In a global world of immigrants, what are any of us?

 

I’m a girl who grew up with all boys in seven different states and multiple ethnic and cultural and regional identities. I don’t know what I am. And I don’t know if I’ll ever know.

 

My childhood was hard. I loved horses and they were my salvation. Horses and my journals. But it would take me a long time to realize I was a writer. There’s no need for the details, but by the time I graduated high school, I had to escape rural Minnesota.

 

I took off to LA. In search of an identity as a woman, as a human. I thought if I became an actress people would love me, and then I could love me.

 

But the streets of LA for a teenage girl are… Hard.
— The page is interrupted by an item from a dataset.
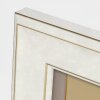 Marco ZEP Venezia 10x15 cm borde oro blanco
And anything hard about my life up to then didn’t compare. I saw a lot. I survived even more. Things that are romantic for men are brutal for women. And in that chaos and pain and fear and manipulation, I earned the rules I would later define my work and my life by. It’s also when I discovered that I was a writer, which, quite literally, saved my life. I do not mean that figuratively. I mean that I would be dead if it wasn’t for writing.

 

Here goes:

 

Rarely do we know what our values are until we’ve crossed the boundary. Only after suffering the consequences, do boundaries have any real meaning.

 

Dignity is everywhere. In the dirtiest, rawest of places, there is depth and beauty and humanity. There are lost souls desperate for and worthy of a voice. And they should be the ones on our stages and screens, not those who already have the microphone.

 

Redemption is the key salvation.

 

Authenticity can only come from a place of humility and empathy. Because only then can we truly listen and feel.

 

We are the product of our circumstances, whether we like it or not. If your children are starving, you’ll do things you wouldn’t do if they had food. How can we make rules or judgments about others if we do not understand their circumstances first?

 

I truly, deeply, unapologetically believe that through Story we can climb inside others’ lives, and quite possibly find understanding, empathy, unity and forgiveness. But we have to have the courage to look at harsh, brutal realities first.

 

This is what I strive to write. This is what I strive to live.